Şehit oğlunun tabutu önünde selam duran ey mübarek ana, şehit eşinin cenazesi geçerken ‘Hainleri sevindirmemek için ağlamayacağım´ diyen asil Türk kadını, şehit babasını el sallayarak uğurlayan soylu Türk evladı, şehit kardeşi Oğuz´u yolcu ederken, “Güle güle Oğuz, senin nöbetini devralacak Yavuz…” diye haykıran onurlu kardeş, şehit evladı karşısında dimdik duran ey acılı baba… Bu millet sizi nasıl unutur. 
            “Ülkesini, bayrağını, toprağını, namusunu korumak uğruna şehit düşen, kanı ile bu ülkenin bayrağına renk veren her Mehmetçik, kahpece vurulduğunda toprağa değil, uğruna canını verdiği ülkesinin bütün insanlarının kalbine düşer ve orada yaşamaya devam eder. Çünkü bu ülkenin askeri yoktur, Mehmetçiği vardır…” (16)
            Bugün şehitler günüdür. Vatan sevdasına gönül verenlerin düğünüdür… Bugün birlik günüdür, bugün dik durma günüdür. Bugün şehitlere sahip çıkma günüdür, ülkeyi ve milleti daha çok sevme günüdür. Ay yıldızlı bayrakları daha çok yükseltme günüdür, şehitlere ve emanetlerine sahip çıkma günüdür.
             Aziz şehitler sizlere Milli Şair Akif´in duygularıyla sesleniyorum:
             "Bu taşındır" diyerek Kabe´yi diksem başına,
             Ruhumun vahyini duysam da geçirsem taşına,
             Sonra gök kubbeyi alsam da rida namiyle   
             Kanayan lahdine çeksem bütün ecramiyle

             Mor bulutlarla açık türbene çatsam da tavan
             Yedi kandilli Süreyya´yı uzatsam oradan.
             Sen bu avizenin altında bürünmüş kanına
            Uzanırken gece mehtabı getirsem yanına.
            Türbedarın diye ta fecre kadar bekletsem,
            Gündüzün fecr ile avizeni lebriz etsem.

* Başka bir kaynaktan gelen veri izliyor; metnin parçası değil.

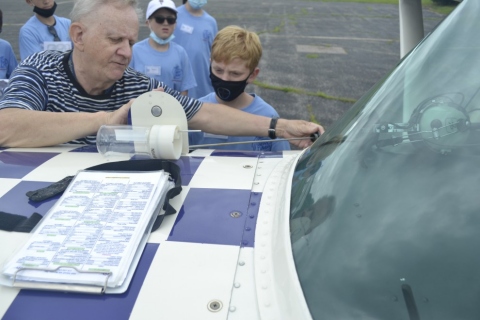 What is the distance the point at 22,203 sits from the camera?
3.97 feet

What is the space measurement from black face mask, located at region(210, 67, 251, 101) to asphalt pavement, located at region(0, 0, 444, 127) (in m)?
0.80

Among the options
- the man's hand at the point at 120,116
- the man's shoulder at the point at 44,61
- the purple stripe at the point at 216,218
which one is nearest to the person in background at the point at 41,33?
the man's shoulder at the point at 44,61

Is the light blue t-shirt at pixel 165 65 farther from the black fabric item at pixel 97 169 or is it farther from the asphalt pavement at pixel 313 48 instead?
the black fabric item at pixel 97 169

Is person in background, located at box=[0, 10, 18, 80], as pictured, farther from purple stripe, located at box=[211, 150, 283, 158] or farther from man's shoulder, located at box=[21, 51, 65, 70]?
purple stripe, located at box=[211, 150, 283, 158]

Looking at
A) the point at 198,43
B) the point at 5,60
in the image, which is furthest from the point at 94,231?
the point at 5,60

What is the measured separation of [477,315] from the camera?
2.06ft

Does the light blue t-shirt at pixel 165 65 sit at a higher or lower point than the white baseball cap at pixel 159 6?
lower

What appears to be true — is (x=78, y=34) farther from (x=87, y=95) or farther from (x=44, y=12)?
(x=44, y=12)

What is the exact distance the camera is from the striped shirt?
166 centimetres

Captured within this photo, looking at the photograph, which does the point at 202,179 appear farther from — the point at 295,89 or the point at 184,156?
the point at 295,89

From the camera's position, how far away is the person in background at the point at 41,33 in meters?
3.25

           Tüllenen magribi akşamları sarsam yarana,
           Yine bir şey yapabildim diyemem hatırana...
            …….
            Ey şehit oğlu şehit, isteme benden makber,
            Sana ağuşunu açmış duruyor Peygamber.” (17)


            Sözlerimi şu ayet meali ile bitiriyorum:
             “Allah yolunda öldürülenlere sakın ölü demeyin! Bilakis onlar diridirler. Fakat siz farkında değilsiniz.” (Bakara 2/154)
            Bütün şehitlerimizin ruhu şâd olsun. Ailelerinin, silah arkadaşlarının ve Türk Milleti´nin başı sağ olsun.
 
  

-----------------------------------------------------------------------------------------------------------------------------
          14-Ayhan İnal´dan İskender Pala, agy,
          15-Mehmet Akif, İstiklal Marşı, Safahat, 574.
          16-Mehmetçikle ilgili verilen Bir İlandan. Bkz. Zaman, 21 Ekim 2007.

          17-Mehmet Akif Ersoy, Çanakkale Şehitlerine, Safahat, 477.